Strange you asked that, as I asked basically the same question yesterday in my blog since I hadn’t blogged in a couple of weeks and was having a hard time getting started again. With fewer and fewer visitors, at least according to the Wordpress stats, I have to wonder if it is still worth the effort.

I’m having a heck of time following long-time bloggers who are now all over the place, on Facebook (which I visit regularly), on Twitter (where I get notified but seldom actually visit), to Google+ which seems to be in the act of disappearing, not to mention my RSS reader which overwhelms me quite regularly and I just mark everything as read and start over.

Amazingly, I did hear from some people that I’ve never heard from before that were inspired by my nature shots and urged me to keep posting. They and habit, probably mostly habit, after so many years, keep me posting irregularly.

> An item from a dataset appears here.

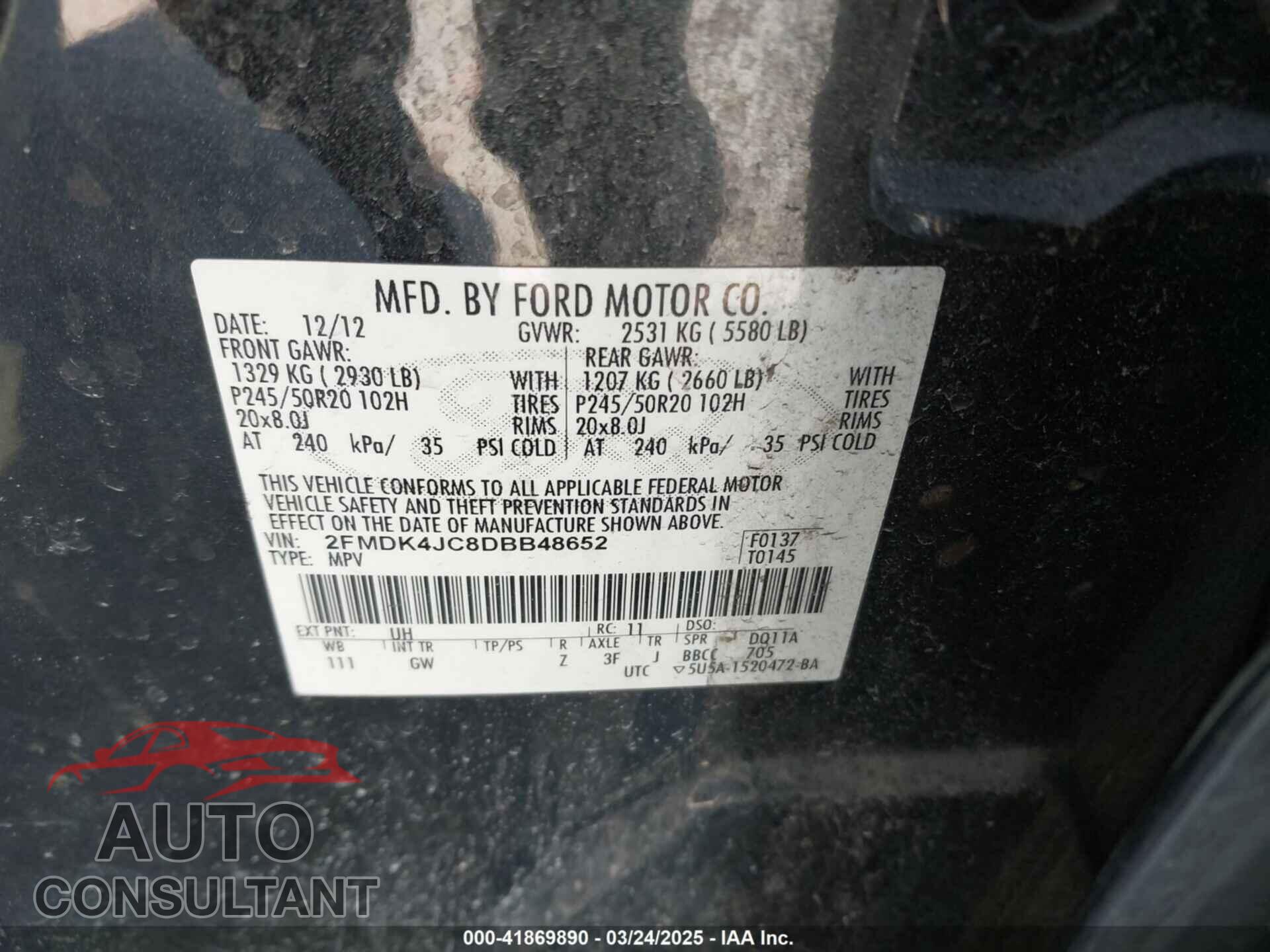FORD EDGE 2013 - 2FMDK4JC8DBB48652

Beyond simply declaring that I can't stop, I can't account for why, 15 years on, I'm still at it. I'm so very glad that I am & that you my friends still are too!

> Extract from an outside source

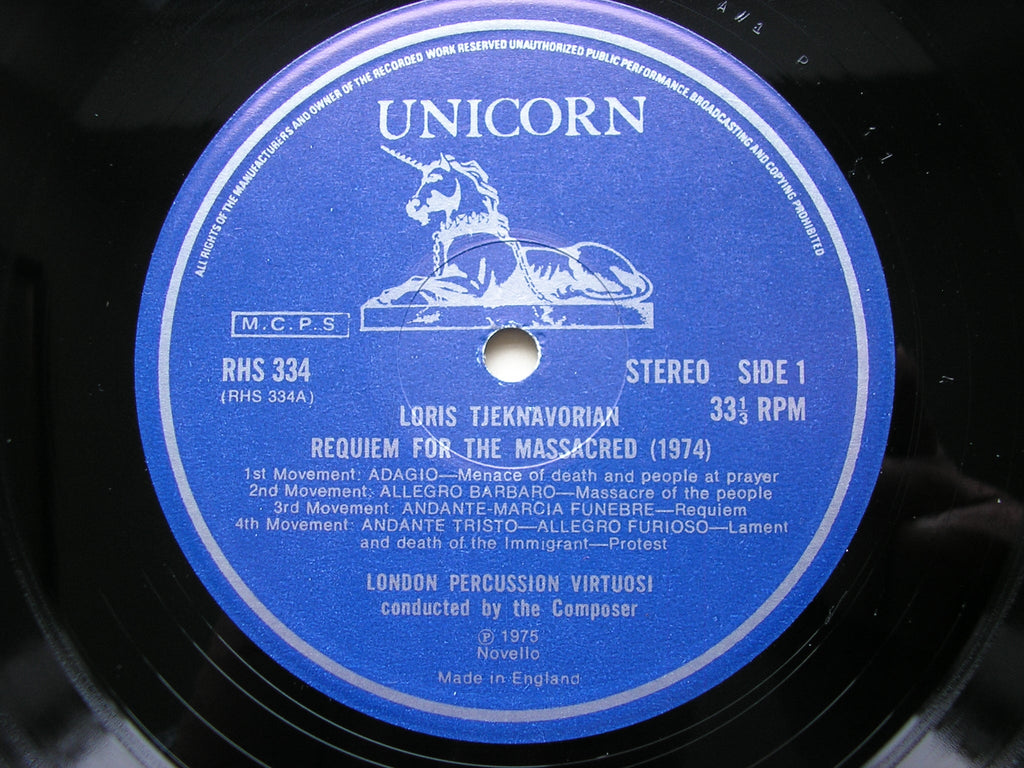TJEKNAVORIAN: REQUIEM FOR THE MASSACRED / ARMENIAN BAGATELLES      LONDON PERCUSSION VIRTUOSI / TJEKNAVORIAN     RHS 334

Reading blogs expanded my sense of community, beginning with a blogging community of writers and artists. One of the first blogs I read was Rachel's. After reading and commenting anonymously on a few blogs for a year, I started my own blog in December 2006 in order to post a retrospective of my art work. My blog is my only form of social media. I have a small circle of new and long-term blog friends in the U.S. and Canada and the U.K. and a long-term blog friend who lives in the Rhine Valley in Germany. I keep reading blogs because I treasure the feeling of a sense of community beyond my immediate community in a small town in the Pacific Northwest.

Thank you for asking!

I do not blog any longer. Why not? I suppose it is because I wanted to communicate something 'spiritual', something I felt - perhaps foolishly - was important. In the end I began to feel disillusioned. But I still read other people's blog posts, well some of them anyway. I don't often have anything worth saying in response, but I feel I am still in some sort of contact at some level.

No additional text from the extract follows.